In the data below, find the line containing "1105 - A silver" and the line containing "Brötje Schalter mit", then reproduce them and every line between, exactly. Omit pictures.

* RECORDS SUPPLIED:
'''
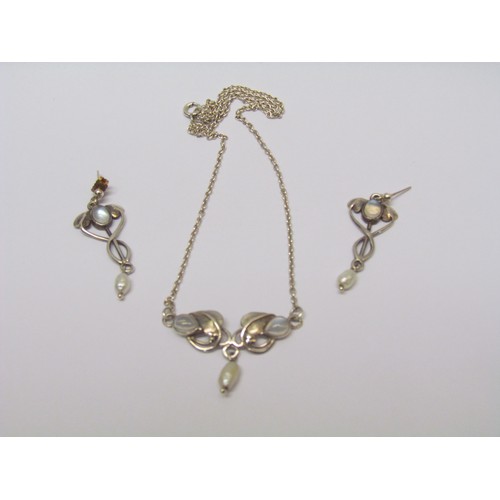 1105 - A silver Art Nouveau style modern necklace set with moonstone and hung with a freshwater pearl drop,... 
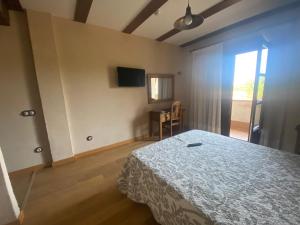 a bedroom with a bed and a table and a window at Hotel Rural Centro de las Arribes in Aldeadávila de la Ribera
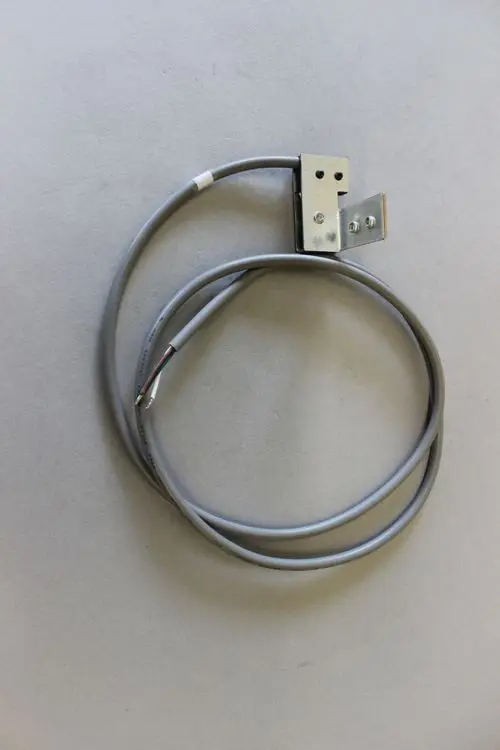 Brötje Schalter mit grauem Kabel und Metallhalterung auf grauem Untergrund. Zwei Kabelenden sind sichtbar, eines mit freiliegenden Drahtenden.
'''
'''
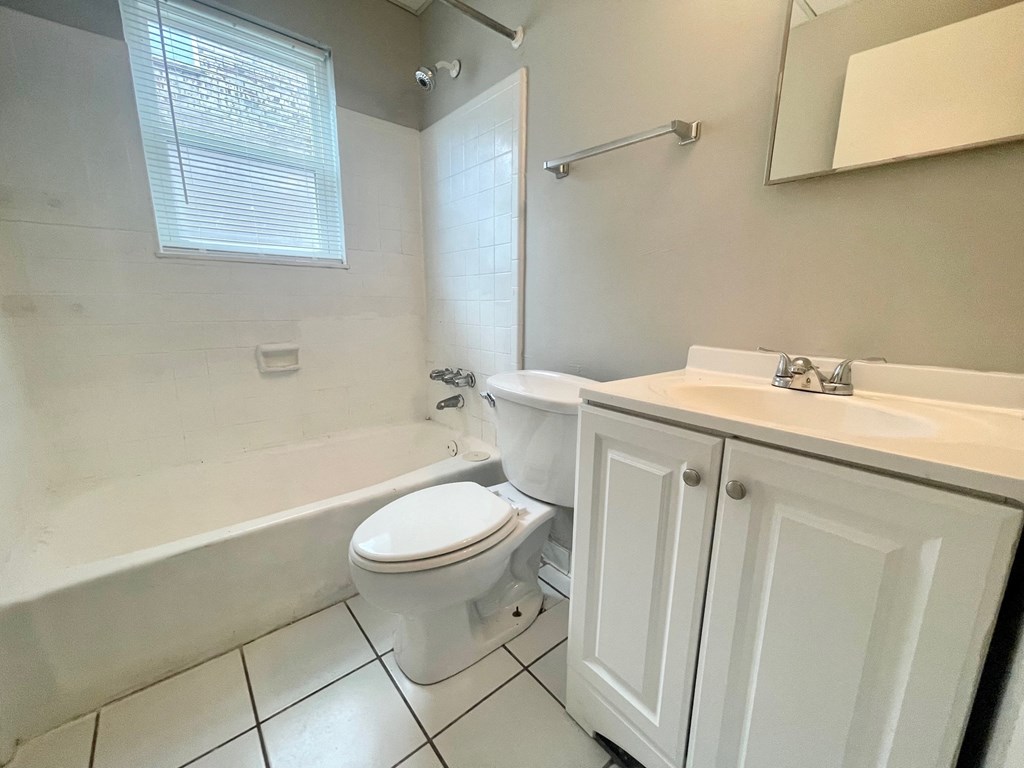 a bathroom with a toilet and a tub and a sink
'''
'''
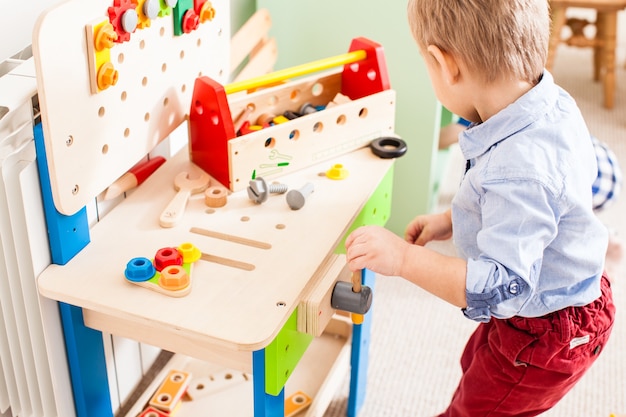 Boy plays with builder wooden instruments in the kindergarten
'''
* RESPONSE BELOW:
 1105 - A silver Art Nouveau style modern necklace set with moonstone and hung with a freshwater pearl drop,... 
 a bedroom with a bed and a table and a window at Hotel Rural Centro de las Arribes in Aldeadávila de la Ribera
 Brötje Schalter mit grauem Kabel und Metallhalterung auf grauem Untergrund. Zwei Kabelenden sind sichtbar, eines mit freiliegenden Drahtenden.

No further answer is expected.